Kate Healy: Yeah, thanks, Caleb. I think it's a great question ‘cause I knew about financial services, but more of just the, hey, business side. I started out at an insurance company as a mutual fund accountant.
So did accounting, I was in finance, I was at all these different roles. In finance, I was doing sales reporting. And one day someone said, “Hey, we're going to consider that a communications role.” And I was like, “Well, that seems weird, but okay.” And I moved over to the marketing side. And I actually got exposed to financial advisors.
They were insurance financial advisors. So, at the time, they were a little bit more product-focused. But it was the first time I really got exposed to financial planning as this thing that could help families with their finances and it fascinated me and I was about 27, 28 years old and my company actually sold and we all lost our jobs.

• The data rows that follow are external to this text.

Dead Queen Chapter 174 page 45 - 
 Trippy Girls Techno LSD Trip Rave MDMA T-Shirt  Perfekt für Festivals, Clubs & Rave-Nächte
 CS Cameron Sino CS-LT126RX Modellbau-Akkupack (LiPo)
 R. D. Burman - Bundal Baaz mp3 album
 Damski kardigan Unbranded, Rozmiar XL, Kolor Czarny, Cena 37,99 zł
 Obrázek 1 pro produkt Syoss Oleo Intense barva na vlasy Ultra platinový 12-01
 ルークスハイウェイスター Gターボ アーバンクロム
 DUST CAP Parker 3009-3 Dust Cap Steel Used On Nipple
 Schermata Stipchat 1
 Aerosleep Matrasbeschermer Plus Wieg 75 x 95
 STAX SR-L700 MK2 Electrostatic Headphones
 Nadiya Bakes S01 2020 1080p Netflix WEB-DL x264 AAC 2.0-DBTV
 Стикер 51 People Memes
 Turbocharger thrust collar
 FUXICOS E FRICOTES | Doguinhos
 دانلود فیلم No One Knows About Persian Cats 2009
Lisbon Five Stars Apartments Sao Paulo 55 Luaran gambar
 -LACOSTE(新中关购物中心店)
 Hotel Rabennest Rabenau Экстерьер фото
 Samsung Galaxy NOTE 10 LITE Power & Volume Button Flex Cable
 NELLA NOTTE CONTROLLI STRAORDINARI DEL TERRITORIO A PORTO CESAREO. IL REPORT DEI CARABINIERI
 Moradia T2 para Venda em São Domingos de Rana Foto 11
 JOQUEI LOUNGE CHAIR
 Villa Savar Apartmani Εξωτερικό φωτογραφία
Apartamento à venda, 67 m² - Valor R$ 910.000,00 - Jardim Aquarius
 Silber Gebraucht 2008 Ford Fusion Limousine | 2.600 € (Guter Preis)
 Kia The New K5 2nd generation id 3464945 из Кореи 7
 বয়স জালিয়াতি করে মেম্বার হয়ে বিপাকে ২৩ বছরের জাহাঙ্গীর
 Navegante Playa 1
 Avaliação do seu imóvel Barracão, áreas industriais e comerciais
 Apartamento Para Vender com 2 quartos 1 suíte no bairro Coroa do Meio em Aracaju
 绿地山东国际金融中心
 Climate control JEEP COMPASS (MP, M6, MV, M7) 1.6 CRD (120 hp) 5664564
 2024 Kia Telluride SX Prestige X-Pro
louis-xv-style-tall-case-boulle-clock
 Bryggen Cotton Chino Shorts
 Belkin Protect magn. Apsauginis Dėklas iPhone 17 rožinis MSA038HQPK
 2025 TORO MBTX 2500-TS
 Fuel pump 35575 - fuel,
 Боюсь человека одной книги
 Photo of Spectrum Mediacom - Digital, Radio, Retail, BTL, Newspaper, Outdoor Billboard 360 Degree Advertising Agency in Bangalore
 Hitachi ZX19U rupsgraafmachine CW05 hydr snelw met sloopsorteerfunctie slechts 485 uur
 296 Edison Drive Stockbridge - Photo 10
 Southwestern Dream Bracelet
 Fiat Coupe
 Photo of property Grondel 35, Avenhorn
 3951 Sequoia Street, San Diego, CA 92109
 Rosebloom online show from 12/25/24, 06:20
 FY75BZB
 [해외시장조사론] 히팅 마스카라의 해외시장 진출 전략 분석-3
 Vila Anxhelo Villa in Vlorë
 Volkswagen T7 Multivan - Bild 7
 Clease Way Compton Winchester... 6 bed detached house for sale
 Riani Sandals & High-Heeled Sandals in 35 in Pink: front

And so I was like, wow, you know what I watched some of the older people on the team really have a hard time with the change. And I was like, okay, lesson number one, always be prepared to be able to find a new job. Lesson number 2 is maybe I can explore this financial planning thing and I actually went and took my severance package, which at the time seemed like so much money and was not.
I trained in license to become a financial advisor. I got my series 7, my 63, my life and health licenses, and I started studying for the CFP exam, and I was down this path, but I did it like we were still cold calling out of telephone books, and I did it like that. I would get an appointment scheduled, and I would be thinking, I remember one particular one, which made me make the decision that probably this wasn't the right path for me at this time, but I remember connecting with this woman who was older, probably in her seventies, and she agreed to meet with me.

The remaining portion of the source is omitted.